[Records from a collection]
══════════════════════════════

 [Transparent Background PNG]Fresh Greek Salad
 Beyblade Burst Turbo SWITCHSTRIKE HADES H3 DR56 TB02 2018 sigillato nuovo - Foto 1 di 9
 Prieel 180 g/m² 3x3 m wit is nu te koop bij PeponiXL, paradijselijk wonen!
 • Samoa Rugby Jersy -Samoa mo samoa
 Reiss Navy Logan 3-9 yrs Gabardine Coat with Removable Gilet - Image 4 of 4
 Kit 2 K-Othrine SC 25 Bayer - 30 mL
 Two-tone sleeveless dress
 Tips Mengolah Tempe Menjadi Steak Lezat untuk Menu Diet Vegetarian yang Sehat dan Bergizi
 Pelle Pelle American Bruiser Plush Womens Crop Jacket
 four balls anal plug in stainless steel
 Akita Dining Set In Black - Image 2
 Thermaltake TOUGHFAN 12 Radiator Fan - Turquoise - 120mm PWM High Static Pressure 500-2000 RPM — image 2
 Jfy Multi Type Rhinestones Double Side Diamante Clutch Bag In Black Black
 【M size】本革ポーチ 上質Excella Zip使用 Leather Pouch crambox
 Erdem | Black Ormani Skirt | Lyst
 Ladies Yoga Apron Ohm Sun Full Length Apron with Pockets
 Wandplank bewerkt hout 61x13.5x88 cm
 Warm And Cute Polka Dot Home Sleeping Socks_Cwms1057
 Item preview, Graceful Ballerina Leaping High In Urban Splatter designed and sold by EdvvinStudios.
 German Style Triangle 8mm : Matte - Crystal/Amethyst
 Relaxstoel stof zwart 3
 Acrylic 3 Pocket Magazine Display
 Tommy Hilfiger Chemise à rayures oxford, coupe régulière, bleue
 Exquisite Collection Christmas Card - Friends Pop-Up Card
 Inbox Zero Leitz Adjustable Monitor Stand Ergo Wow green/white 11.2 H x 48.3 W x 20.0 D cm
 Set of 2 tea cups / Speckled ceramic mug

══════════════════════════════

◆ What needs to be done
Take the line with "Wandplank bewerkt hout 61x13.5x88 cm" and all lines after it through the end of the records, and write them out exactly; include nothing else.

◆ Worked solution
 Wandplank bewerkt hout 61x13.5x88 cm
 Warm And Cute Polka Dot Home Sleeping Socks_Cwms1057
 Item preview, Graceful Ballerina Leaping High In Urban Splatter designed and sold by EdvvinStudios.
 German Style Triangle 8mm : Matte - Crystal/Amethyst
 Relaxstoel stof zwart 3
 Acrylic 3 Pocket Magazine Display
 Tommy Hilfiger Chemise à rayures oxford, coupe régulière, bleue
 Exquisite Collection Christmas Card - Friends Pop-Up Card
 Inbox Zero Leitz Adjustable Monitor Stand Ergo Wow green/white 11.2 H x 48.3 W x 20.0 D cm
 Set of 2 tea cups / Speckled ceramic mug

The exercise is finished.